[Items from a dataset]
[Start of section]
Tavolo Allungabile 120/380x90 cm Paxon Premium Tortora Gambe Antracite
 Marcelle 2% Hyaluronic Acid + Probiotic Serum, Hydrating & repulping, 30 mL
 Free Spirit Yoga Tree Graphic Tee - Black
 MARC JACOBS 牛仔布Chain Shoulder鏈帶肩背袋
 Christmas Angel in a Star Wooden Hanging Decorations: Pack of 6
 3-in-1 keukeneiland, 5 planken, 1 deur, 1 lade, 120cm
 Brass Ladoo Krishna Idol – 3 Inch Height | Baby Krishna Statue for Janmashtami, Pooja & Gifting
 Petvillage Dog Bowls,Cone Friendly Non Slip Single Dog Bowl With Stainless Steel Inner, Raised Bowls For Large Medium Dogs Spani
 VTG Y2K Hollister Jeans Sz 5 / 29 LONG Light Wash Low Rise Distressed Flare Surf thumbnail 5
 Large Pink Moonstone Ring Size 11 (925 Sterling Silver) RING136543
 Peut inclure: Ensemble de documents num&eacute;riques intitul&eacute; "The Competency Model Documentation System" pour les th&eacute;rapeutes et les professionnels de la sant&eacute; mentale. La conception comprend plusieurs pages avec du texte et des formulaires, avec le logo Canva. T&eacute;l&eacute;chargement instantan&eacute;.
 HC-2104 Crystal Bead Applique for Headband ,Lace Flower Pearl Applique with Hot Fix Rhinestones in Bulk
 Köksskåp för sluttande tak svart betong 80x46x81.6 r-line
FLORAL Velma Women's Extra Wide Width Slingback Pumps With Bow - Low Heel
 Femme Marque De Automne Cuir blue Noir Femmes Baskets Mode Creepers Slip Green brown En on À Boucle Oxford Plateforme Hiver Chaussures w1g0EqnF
[End of section]
» Directions
Each line from the beginning of the entries to the line with "Petvillage Dog Bowls,Cone" must be repeated exactly, with both end lines kept and no other lines given.

» Response to the task
Tavolo Allungabile 120/380x90 cm Paxon Premium Tortora Gambe Antracite
 Marcelle 2% Hyaluronic Acid + Probiotic Serum, Hydrating & repulping, 30 mL
 Free Spirit Yoga Tree Graphic Tee - Black
 MARC JACOBS 牛仔布Chain Shoulder鏈帶肩背袋
 Christmas Angel in a Star Wooden Hanging Decorations: Pack of 6
 3-in-1 keukeneiland, 5 planken, 1 deur, 1 lade, 120cm
 Brass Ladoo Krishna Idol – 3 Inch Height | Baby Krishna Statue for Janmashtami, Pooja & Gifting
 Petvillage Dog Bowls,Cone Friendly Non Slip Single Dog Bowl With Stainless Steel Inner, Raised Bowls For Large Medium Dogs Spani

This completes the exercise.